▸ **Exercise brief**: Output each record below exactly. No images go in the copy.

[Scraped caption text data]
┄┄┄┄┄┄

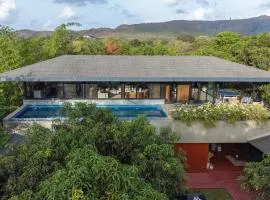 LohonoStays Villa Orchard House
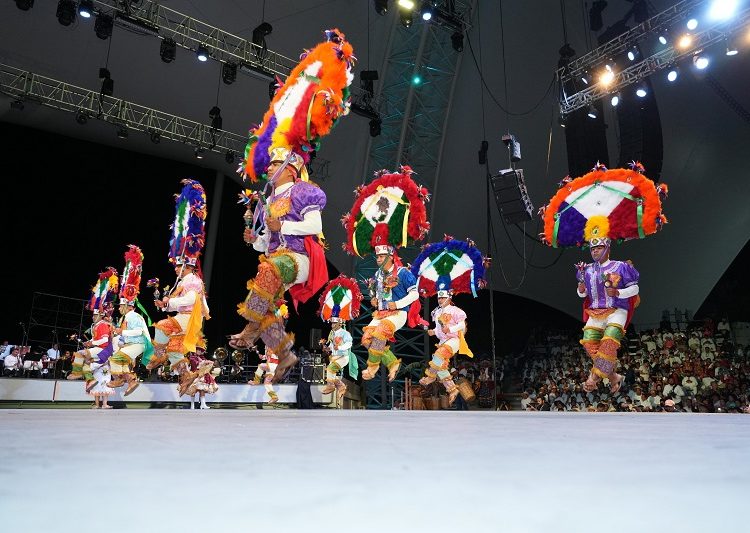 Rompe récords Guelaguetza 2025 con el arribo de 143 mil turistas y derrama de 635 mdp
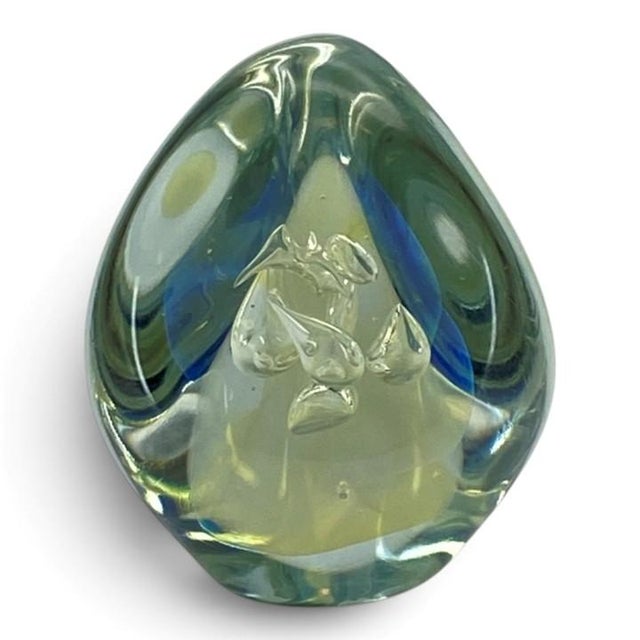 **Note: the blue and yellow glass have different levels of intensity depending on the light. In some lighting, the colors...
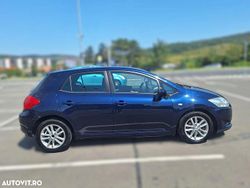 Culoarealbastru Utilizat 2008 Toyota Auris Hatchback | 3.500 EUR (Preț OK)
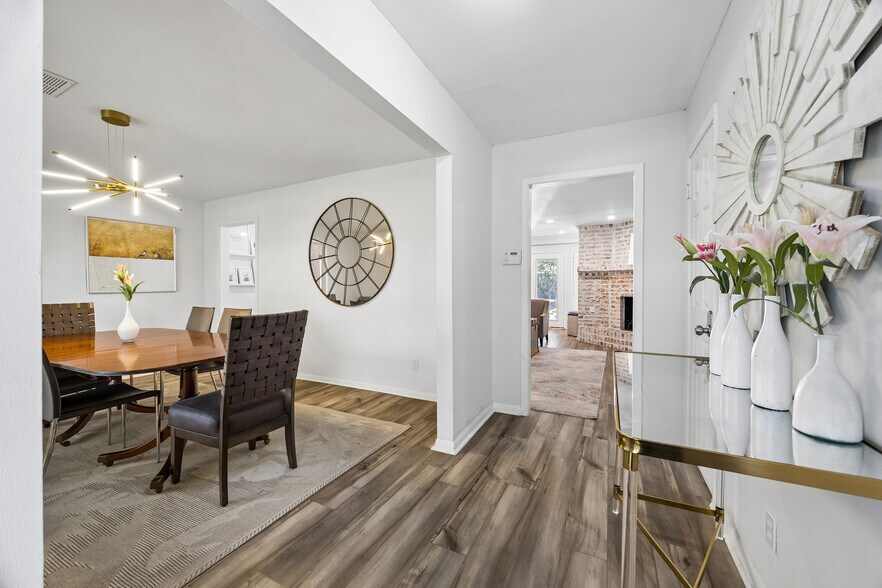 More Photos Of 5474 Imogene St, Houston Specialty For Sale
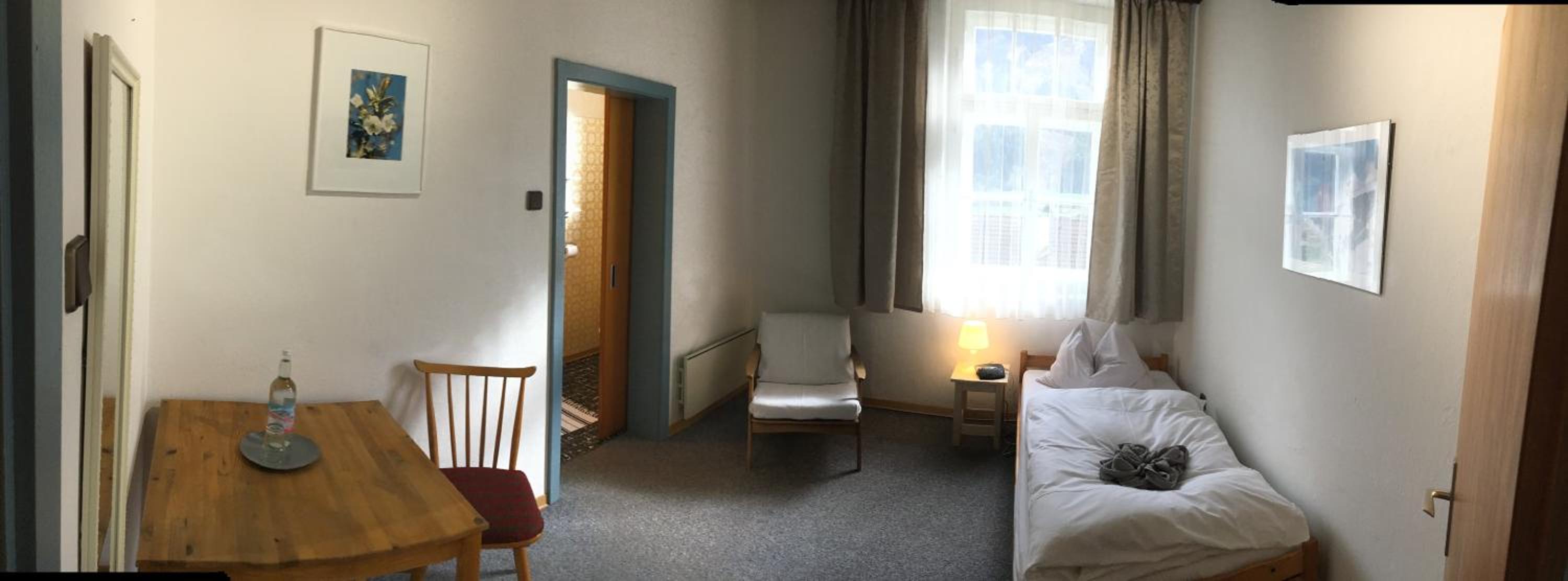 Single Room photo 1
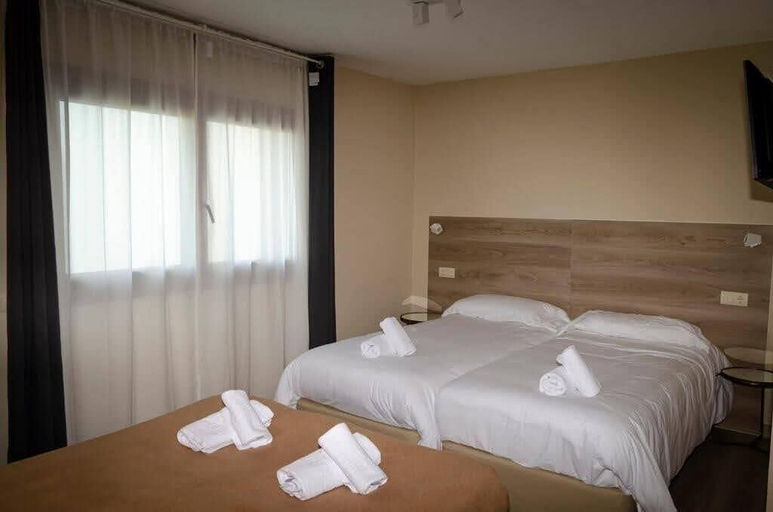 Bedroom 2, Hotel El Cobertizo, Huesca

┄┄┄┄┄┄

▸ **Answer section**:
 LohonoStays Villa Orchard House
 Rompe récords Guelaguetza 2025 con el arribo de 143 mil turistas y derrama de 635 mdp
 **Note: the blue and yellow glass have different levels of intensity depending on the light. In some lighting, the colors...
 Culoarealbastru Utilizat 2008 Toyota Auris Hatchback | 3.500 EUR (Preț OK)
 More Photos Of 5474 Imogene St, Houston Specialty For Sale
 Single Room photo 1
 Bedroom 2, Hotel El Cobertizo, Huesca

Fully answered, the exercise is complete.